### DATASET EXTRACT
Start of Block
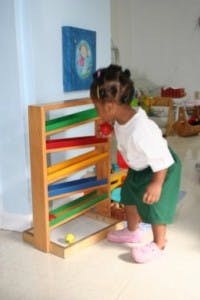 Child playing with a wooden ball run toy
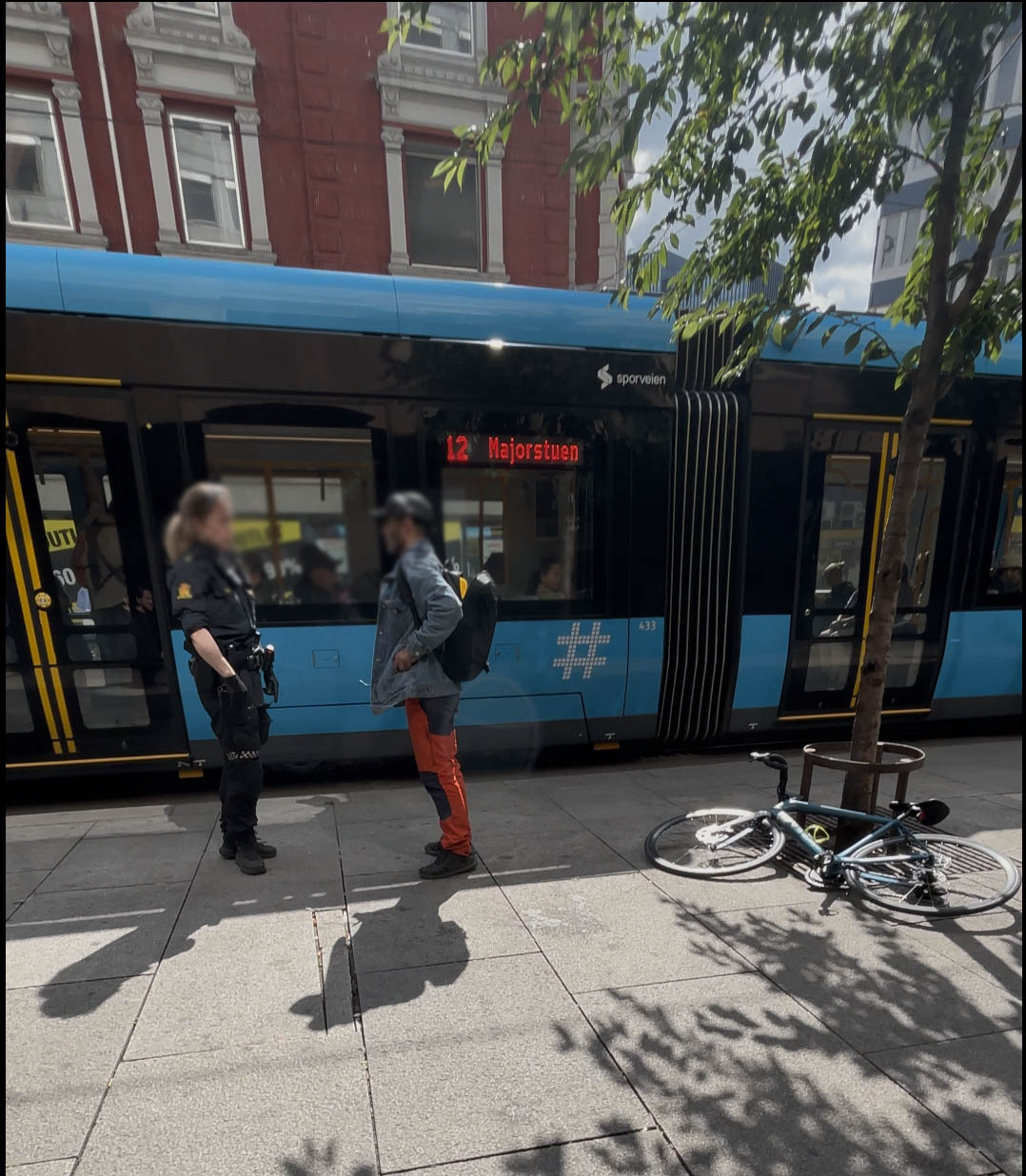 Oslo Police confronting bicycle thief with Majorstuen tram behind. BikeFinder tracker hidden inside the bike laying on the ground.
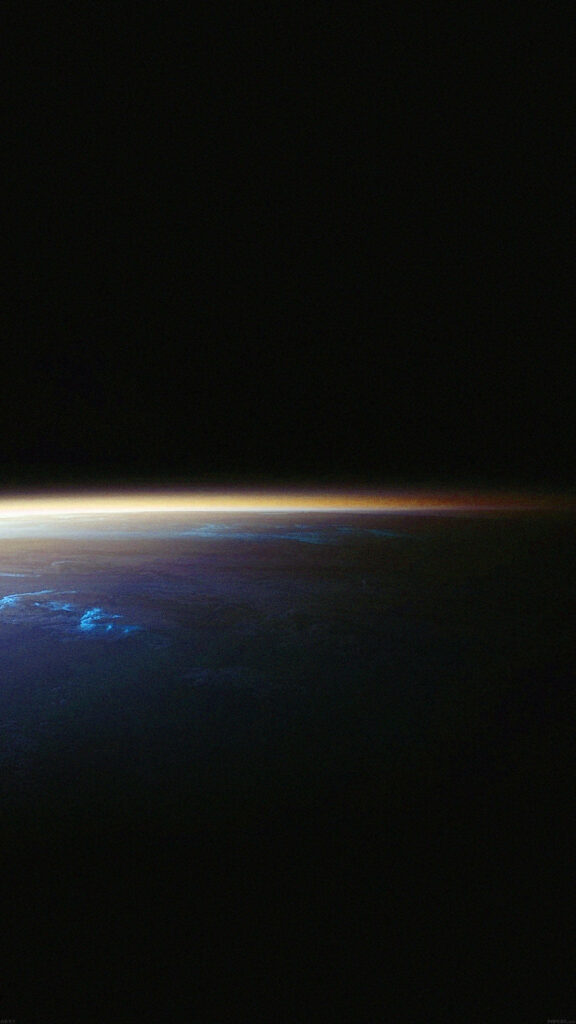 Stunning Cosmic Glow: Striking Android Wallpaper Showcasing Earth's Enchanting Outer Space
End of Block
### REQUIRED WORK
Everything in the material must be duplicated exactly, except the pictures.

### RESULT FOR THIS EXERCISE
 Child playing with a wooden ball run toy
 Oslo Police confronting bicycle thief with Majorstuen tram behind. BikeFinder tracker hidden inside the bike laying on the ground.
 Stunning Cosmic Glow: Striking Android Wallpaper Showcasing Earth's Enchanting Outer Space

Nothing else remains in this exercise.